◆ EXERCISE DIRECTIONS: Within the records below, reproduce without change the lines from the line that has "map of restaurants, bars, coffee" through the line that has "Navy Blue Collared", and only those.

*** Opening of DATA ***

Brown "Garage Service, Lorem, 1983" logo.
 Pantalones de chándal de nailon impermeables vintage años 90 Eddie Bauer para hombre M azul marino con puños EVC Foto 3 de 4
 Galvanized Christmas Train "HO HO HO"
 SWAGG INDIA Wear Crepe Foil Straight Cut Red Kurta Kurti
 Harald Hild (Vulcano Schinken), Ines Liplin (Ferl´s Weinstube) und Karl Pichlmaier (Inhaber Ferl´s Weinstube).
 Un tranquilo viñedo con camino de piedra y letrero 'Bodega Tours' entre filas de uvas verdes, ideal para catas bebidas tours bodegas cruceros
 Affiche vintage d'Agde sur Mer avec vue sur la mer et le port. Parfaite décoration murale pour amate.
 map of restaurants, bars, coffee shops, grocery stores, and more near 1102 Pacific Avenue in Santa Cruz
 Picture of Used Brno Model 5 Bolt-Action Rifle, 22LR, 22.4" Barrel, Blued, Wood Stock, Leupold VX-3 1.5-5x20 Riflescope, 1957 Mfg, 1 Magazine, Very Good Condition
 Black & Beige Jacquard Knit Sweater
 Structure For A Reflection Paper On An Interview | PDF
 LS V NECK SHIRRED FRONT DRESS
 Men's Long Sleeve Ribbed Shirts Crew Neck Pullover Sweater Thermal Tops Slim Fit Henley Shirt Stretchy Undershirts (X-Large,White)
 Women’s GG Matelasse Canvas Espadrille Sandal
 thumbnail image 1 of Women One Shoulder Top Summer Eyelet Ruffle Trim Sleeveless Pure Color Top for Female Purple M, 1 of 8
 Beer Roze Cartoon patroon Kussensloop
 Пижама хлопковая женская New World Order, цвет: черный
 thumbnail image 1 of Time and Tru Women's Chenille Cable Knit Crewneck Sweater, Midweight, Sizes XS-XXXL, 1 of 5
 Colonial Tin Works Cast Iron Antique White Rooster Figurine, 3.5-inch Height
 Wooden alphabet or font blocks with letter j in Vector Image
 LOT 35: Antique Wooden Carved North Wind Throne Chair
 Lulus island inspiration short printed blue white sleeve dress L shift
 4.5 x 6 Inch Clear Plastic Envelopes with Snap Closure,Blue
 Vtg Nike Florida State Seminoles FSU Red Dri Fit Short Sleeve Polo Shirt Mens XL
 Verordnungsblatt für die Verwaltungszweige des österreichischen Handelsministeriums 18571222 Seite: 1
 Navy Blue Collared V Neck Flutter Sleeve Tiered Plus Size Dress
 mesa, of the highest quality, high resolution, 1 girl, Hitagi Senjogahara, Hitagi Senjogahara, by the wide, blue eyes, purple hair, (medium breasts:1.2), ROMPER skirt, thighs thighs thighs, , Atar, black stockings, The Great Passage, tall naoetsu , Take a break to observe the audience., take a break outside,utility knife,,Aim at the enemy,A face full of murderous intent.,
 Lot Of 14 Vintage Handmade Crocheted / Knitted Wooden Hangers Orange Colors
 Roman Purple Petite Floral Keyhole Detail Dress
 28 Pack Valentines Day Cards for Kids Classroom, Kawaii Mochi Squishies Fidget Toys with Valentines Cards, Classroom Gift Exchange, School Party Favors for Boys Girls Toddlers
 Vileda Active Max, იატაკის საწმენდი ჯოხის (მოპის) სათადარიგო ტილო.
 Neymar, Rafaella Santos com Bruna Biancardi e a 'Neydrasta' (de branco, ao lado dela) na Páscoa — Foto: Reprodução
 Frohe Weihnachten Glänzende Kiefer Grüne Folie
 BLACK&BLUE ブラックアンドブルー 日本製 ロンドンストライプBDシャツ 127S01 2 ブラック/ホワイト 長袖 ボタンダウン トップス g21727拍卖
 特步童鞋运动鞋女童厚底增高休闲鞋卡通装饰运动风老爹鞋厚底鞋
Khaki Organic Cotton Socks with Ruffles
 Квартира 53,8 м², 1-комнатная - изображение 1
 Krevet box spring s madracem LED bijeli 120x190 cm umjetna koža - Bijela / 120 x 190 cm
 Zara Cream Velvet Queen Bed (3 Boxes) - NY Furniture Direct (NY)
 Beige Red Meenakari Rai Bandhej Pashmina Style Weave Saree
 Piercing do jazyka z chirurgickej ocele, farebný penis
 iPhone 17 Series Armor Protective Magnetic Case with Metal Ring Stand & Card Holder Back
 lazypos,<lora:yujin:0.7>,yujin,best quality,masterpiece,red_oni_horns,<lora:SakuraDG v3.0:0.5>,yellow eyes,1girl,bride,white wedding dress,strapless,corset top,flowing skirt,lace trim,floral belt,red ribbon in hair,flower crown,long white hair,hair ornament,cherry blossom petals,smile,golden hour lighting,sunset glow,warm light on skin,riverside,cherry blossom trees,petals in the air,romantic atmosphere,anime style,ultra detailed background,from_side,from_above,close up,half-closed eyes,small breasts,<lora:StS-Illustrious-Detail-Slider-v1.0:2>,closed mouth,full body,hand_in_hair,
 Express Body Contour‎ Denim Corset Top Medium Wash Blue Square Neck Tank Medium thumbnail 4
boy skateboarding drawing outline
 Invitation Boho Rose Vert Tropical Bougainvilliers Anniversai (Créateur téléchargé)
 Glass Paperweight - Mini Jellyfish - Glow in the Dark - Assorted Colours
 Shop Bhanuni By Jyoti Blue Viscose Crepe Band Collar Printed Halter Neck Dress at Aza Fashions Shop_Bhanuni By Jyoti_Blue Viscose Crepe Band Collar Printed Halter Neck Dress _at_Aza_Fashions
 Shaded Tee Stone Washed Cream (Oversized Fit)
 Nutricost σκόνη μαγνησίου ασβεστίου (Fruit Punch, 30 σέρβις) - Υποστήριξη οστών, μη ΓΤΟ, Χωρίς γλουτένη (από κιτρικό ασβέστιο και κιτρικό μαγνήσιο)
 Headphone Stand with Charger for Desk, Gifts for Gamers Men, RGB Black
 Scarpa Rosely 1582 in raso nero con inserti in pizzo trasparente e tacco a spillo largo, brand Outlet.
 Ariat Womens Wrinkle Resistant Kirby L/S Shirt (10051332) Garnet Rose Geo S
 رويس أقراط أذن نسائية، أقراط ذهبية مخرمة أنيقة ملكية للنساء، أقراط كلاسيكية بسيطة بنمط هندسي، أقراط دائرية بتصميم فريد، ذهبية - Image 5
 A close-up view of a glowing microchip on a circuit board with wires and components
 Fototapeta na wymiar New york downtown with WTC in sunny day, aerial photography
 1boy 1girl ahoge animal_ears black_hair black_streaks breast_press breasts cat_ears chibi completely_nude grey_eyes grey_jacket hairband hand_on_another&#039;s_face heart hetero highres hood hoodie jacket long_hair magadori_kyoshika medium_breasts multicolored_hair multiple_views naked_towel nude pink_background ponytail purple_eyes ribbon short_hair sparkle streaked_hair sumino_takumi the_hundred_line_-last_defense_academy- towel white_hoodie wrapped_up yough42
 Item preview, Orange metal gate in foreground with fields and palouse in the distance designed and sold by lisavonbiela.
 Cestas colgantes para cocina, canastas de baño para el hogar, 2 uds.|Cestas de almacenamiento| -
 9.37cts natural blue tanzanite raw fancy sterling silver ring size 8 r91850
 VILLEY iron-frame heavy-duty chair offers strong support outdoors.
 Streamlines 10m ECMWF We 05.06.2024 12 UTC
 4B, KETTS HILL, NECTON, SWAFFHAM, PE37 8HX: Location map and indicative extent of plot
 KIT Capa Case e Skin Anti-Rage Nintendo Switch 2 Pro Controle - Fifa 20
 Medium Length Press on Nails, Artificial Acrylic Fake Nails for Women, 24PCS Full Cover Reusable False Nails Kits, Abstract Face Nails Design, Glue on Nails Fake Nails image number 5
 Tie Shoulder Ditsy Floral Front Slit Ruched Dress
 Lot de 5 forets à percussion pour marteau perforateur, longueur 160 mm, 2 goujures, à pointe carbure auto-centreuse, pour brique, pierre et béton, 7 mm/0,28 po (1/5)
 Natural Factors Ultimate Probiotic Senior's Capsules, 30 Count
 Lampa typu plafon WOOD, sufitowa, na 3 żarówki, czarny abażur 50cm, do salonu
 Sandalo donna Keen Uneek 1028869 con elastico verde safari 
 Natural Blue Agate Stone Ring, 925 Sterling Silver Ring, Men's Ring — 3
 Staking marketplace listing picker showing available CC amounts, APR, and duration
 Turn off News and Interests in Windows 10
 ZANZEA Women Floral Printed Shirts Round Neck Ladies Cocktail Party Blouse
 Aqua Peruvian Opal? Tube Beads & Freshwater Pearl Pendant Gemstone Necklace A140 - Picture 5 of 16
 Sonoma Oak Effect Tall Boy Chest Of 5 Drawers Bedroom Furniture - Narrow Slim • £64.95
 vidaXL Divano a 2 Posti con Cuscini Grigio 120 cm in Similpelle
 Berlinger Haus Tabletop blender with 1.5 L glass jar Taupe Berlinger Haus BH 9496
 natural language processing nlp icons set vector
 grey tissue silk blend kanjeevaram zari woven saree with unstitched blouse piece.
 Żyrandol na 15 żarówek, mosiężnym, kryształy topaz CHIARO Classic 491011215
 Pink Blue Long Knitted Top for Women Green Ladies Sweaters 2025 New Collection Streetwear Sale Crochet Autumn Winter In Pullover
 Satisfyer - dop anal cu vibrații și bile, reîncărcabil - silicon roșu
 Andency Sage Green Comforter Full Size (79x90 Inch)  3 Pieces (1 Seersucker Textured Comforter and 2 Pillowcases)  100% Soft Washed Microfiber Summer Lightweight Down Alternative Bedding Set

*** Close of DATA ***

◆ THE ANSWER:
 map of restaurants, bars, coffee shops, grocery stores, and more near 1102 Pacific Avenue in Santa Cruz
 Picture of Used Brno Model 5 Bolt-Action Rifle, 22LR, 22.4" Barrel, Blued, Wood Stock, Leupold VX-3 1.5-5x20 Riflescope, 1957 Mfg, 1 Magazine, Very Good Condition
 Black & Beige Jacquard Knit Sweater
 Structure For A Reflection Paper On An Interview | PDF
 LS V NECK SHIRRED FRONT DRESS
 Men's Long Sleeve Ribbed Shirts Crew Neck Pullover Sweater Thermal Tops Slim Fit Henley Shirt Stretchy Undershirts (X-Large,White)
 Women’s GG Matelasse Canvas Espadrille Sandal
 thumbnail image 1 of Women One Shoulder Top Summer Eyelet Ruffle Trim Sleeveless Pure Color Top for Female Purple M, 1 of 8
 Beer Roze Cartoon patroon Kussensloop
 Пижама хлопковая женская New World Order, цвет: черный
 thumbnail image 1 of Time and Tru Women's Chenille Cable Knit Crewneck Sweater, Midweight, Sizes XS-XXXL, 1 of 5
 Colonial Tin Works Cast Iron Antique White Rooster Figurine, 3.5-inch Height
 Wooden alphabet or font blocks with letter j in Vector Image
 LOT 35: Antique Wooden Carved North Wind Throne Chair
 Lulus island inspiration short printed blue white sleeve dress L shift
 4.5 x 6 Inch Clear Plastic Envelopes with Snap Closure,Blue
 Vtg Nike Florida State Seminoles FSU Red Dri Fit Short Sleeve Polo Shirt Mens XL
 Verordnungsblatt für die Verwaltungszweige des österreichischen Handelsministeriums 18571222 Seite: 1
 Navy Blue Collared V Neck Flutter Sleeve Tiered Plus Size Dress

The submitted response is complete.